On Thu, Mar 06, 2025 at 01:44:30PM -0600, Nathan Bossart wrote:
> On Thu, Mar 06, 2025 at 11:30:13AM -0800, Noah Misch wrote:
>> 1. Make v14 and v13 skip WAL recycling and preallocation during archive
>> recovery, like newer branches do. I think that means back-patching the six
>> commits cc2c7d6~4 cc2c7d6~3 cc2c7d6~2 cc2c7d6~1 cc2c7d6 e36cbef.
>>
>> 2. Revert 1f95181b44c843729caaa688f74babe9403b5850 and its v13 counterpart.
>> Avoid multiple hard links by making durable_rename_excl() first rename
>> oldfile to a temporary name. (I haven't thought this through in detail.
>> It may not suffice.)
>>
>> I'm leaning toward (1) at least enough to see how messy the back-patch would
>> be, since I don't like risks of designing old-branch-specific solutions when
>> v15/v16/v17 have a proven solution. What else should we be thinking about
>> before deciding?
>
> I agree with first attempting a back-patch. All of this stuff is from
> 2021-2022, so it's had time to bake and is IMHO lower risk.

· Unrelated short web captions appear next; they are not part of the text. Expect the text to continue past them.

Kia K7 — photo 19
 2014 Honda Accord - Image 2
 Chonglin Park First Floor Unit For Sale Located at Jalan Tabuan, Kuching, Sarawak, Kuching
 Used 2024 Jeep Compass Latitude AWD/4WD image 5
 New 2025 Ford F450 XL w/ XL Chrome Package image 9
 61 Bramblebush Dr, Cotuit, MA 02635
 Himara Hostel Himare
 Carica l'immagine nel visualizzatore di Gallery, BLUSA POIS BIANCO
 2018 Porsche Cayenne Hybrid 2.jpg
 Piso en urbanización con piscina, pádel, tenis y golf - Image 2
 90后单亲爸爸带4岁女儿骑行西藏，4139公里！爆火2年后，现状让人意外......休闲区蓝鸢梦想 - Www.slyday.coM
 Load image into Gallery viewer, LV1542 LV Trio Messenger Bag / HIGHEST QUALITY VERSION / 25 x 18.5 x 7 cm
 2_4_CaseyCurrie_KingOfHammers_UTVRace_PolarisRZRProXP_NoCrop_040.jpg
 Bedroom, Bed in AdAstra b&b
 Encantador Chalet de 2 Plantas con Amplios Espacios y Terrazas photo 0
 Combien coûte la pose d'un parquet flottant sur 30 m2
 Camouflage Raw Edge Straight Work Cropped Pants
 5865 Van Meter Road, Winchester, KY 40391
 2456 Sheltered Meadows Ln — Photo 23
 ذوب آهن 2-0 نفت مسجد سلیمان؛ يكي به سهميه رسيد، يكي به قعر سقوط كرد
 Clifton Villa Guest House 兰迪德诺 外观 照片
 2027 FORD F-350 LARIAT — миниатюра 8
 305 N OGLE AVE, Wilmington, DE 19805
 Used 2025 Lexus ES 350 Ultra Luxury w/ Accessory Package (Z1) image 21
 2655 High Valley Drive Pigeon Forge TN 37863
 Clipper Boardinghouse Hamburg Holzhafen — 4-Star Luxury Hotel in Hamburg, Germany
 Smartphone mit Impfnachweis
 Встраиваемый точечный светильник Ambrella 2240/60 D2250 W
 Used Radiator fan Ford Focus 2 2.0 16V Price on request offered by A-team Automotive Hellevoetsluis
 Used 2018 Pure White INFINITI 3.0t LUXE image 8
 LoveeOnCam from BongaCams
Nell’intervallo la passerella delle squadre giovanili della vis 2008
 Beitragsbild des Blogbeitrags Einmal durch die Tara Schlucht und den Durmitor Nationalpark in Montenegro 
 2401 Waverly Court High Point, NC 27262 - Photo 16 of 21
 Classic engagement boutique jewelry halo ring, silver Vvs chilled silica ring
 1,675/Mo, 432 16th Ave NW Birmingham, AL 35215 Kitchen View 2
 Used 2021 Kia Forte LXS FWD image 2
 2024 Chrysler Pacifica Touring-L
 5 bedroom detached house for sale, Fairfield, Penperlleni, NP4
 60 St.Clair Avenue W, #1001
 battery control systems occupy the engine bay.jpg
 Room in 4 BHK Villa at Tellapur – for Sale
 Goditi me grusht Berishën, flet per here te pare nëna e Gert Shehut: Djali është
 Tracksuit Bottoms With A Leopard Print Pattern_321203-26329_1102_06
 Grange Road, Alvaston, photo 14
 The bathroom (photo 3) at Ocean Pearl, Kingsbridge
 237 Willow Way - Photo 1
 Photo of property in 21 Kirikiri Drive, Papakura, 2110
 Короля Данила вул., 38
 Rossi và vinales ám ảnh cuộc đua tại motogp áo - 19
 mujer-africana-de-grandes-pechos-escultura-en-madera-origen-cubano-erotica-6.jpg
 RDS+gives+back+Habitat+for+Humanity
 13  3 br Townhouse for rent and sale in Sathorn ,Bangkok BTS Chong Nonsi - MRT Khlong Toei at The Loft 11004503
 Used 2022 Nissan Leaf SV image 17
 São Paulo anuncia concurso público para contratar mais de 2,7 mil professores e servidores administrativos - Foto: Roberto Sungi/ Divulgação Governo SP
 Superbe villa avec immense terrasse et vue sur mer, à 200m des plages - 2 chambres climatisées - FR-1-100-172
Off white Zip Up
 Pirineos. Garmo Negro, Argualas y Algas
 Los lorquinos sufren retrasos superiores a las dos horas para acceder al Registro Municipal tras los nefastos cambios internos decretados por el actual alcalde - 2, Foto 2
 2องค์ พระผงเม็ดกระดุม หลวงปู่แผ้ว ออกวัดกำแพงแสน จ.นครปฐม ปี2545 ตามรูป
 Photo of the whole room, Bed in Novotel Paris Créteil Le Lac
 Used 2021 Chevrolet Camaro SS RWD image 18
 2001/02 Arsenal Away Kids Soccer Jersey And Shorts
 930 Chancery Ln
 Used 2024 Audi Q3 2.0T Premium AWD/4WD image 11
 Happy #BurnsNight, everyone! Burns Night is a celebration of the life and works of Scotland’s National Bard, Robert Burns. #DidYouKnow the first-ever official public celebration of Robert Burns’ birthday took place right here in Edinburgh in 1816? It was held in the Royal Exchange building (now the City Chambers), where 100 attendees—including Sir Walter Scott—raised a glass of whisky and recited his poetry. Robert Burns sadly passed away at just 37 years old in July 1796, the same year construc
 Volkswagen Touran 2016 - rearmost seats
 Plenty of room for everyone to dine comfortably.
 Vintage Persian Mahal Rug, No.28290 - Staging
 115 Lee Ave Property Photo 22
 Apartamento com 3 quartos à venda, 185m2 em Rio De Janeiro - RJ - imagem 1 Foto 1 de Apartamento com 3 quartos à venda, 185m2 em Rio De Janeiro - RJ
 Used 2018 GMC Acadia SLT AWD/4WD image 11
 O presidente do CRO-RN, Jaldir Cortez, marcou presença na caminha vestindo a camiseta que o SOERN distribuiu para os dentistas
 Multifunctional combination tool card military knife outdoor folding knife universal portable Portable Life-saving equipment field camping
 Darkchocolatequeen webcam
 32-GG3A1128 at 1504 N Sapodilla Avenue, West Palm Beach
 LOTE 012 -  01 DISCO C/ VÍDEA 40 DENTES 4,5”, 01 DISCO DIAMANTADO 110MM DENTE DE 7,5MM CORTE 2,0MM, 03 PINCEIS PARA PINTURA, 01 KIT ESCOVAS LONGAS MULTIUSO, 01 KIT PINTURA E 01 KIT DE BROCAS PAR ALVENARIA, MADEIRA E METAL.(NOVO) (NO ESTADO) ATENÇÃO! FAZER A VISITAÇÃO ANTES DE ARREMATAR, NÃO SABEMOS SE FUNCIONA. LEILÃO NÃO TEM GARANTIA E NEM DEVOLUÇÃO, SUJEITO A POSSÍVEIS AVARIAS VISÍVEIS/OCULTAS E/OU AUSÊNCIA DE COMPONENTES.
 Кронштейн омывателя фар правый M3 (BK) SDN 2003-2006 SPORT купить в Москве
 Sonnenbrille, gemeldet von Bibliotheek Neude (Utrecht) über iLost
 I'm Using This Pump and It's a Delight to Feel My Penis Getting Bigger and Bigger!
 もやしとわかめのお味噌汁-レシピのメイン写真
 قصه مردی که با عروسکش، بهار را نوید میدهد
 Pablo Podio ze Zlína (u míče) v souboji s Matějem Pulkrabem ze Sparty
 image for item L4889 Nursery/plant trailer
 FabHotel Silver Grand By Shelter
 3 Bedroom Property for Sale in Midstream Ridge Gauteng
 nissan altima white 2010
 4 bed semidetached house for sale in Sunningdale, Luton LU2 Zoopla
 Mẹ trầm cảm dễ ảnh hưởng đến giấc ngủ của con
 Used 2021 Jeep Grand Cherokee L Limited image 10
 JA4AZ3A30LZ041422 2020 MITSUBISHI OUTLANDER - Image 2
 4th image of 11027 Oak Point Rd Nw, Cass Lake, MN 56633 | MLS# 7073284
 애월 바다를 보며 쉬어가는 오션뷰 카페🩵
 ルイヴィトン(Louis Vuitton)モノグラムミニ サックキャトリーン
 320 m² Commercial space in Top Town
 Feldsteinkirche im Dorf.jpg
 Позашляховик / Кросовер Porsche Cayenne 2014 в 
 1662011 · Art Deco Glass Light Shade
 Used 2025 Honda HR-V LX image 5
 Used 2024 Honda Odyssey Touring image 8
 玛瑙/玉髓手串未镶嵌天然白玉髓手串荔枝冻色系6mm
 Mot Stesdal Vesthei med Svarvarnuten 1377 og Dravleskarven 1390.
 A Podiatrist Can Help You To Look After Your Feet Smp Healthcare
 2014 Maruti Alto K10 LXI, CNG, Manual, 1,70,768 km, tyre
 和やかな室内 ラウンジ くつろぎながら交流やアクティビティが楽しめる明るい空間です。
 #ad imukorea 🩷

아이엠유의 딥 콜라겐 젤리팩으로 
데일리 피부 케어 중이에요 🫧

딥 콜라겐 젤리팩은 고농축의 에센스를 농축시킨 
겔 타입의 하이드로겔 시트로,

Sorry for the late reply here (life things and the timing of Noah's
report).
Discarding the option where we would design a new solution specific to
v14 and v13, I don't really see a different third option here.
Choice 2 means that we'd just leave v13 and v14 exposed to
corruptions, and that the message to our user base is that they should
upgrade to v15 to get that fixed, even if we still have roughly two
more 2 years of official community support, as they would still be
exposed to the risk of having multiple links pointing to a single WAL
segment, creating corruption. As reported upthread, that can be
reached.
Choice 1 would be the logical path, even if it may not be the
practical one in terms of backpatch risks vs benefits. It would be
much better than recommending people that they have to upgrade to 15
at least to make sure that their version of Postgres is safer to use.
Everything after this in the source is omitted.